• **DATA FOR PROCESSING**
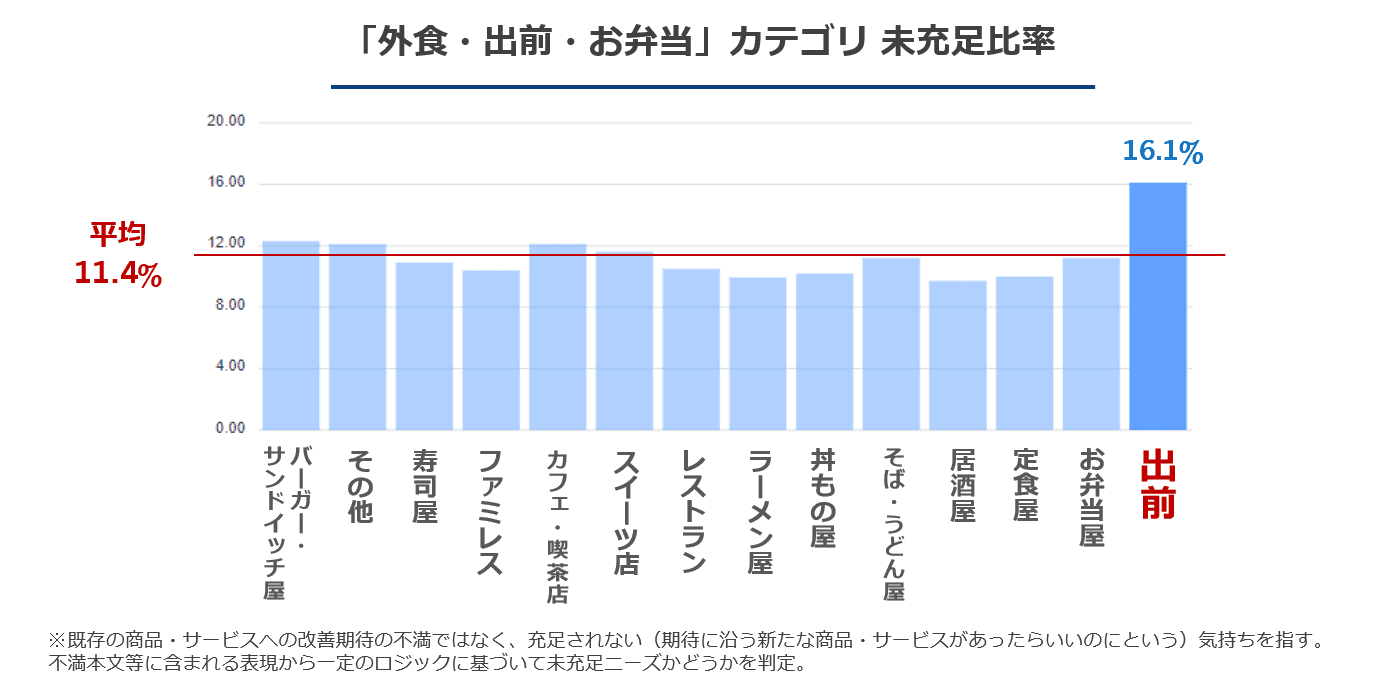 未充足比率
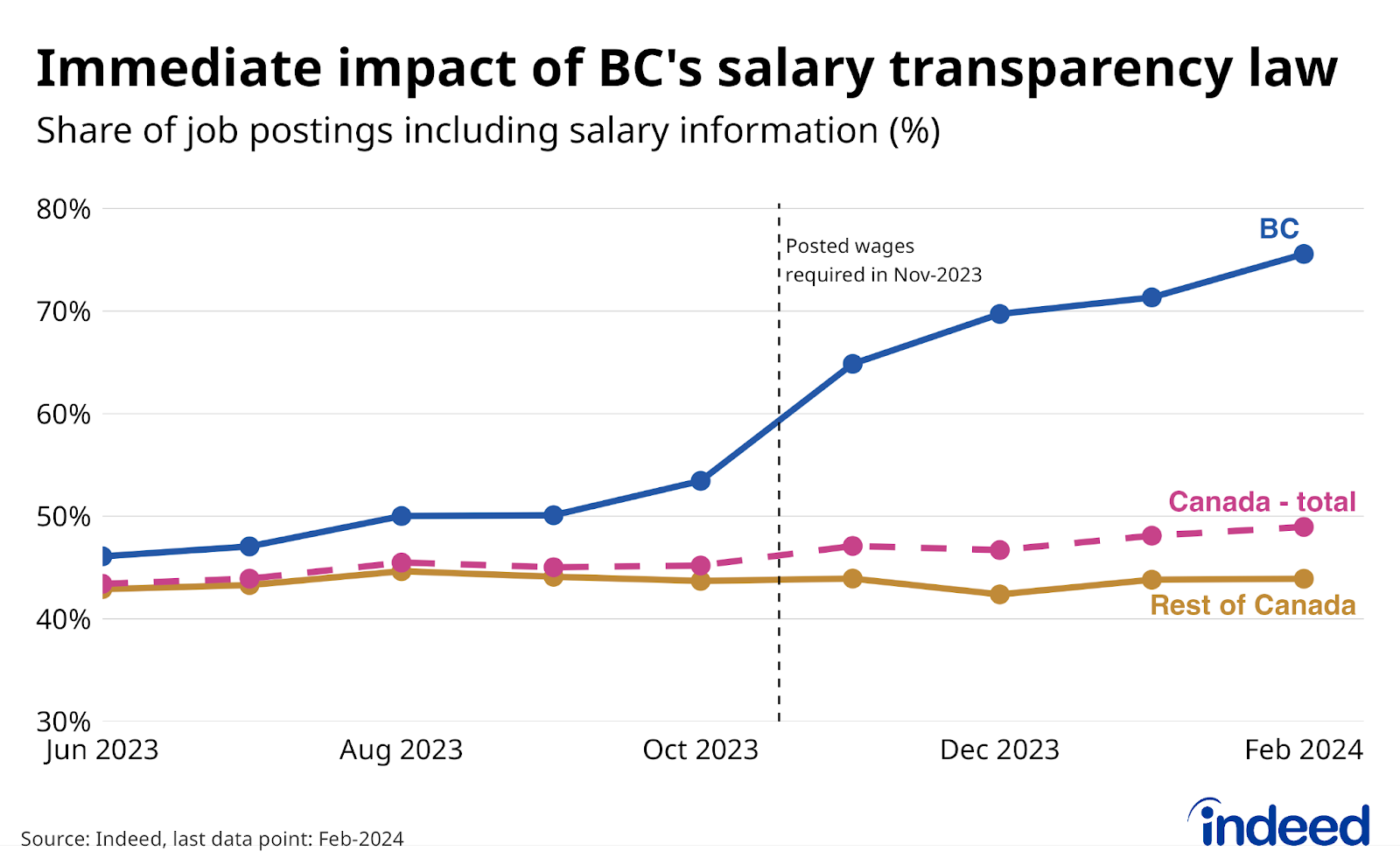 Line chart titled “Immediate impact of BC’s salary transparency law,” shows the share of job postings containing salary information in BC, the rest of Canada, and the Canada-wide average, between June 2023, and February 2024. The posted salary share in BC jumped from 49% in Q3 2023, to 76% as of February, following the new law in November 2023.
...
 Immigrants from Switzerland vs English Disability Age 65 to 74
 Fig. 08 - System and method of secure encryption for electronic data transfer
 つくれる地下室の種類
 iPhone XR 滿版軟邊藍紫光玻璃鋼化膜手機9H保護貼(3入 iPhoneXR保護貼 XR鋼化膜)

• **TASK TO COMPLETE**
In the listing above, find the line with "Immigrants from Switzerland" and the line with "iPhone XR 滿版軟邊藍紫光玻璃鋼化膜手機9H保護貼(3入", then print exactly those lines and every line between them.

• **RESPONSE FOR THIS EXERCISE**
 Immigrants from Switzerland vs English Disability Age 65 to 74
 Fig. 08 - System and method of secure encryption for electronic data transfer
 つくれる地下室の種類
 iPhone XR 滿版軟邊藍紫光玻璃鋼化膜手機9H保護貼(3入 iPhoneXR保護貼 XR鋼化膜)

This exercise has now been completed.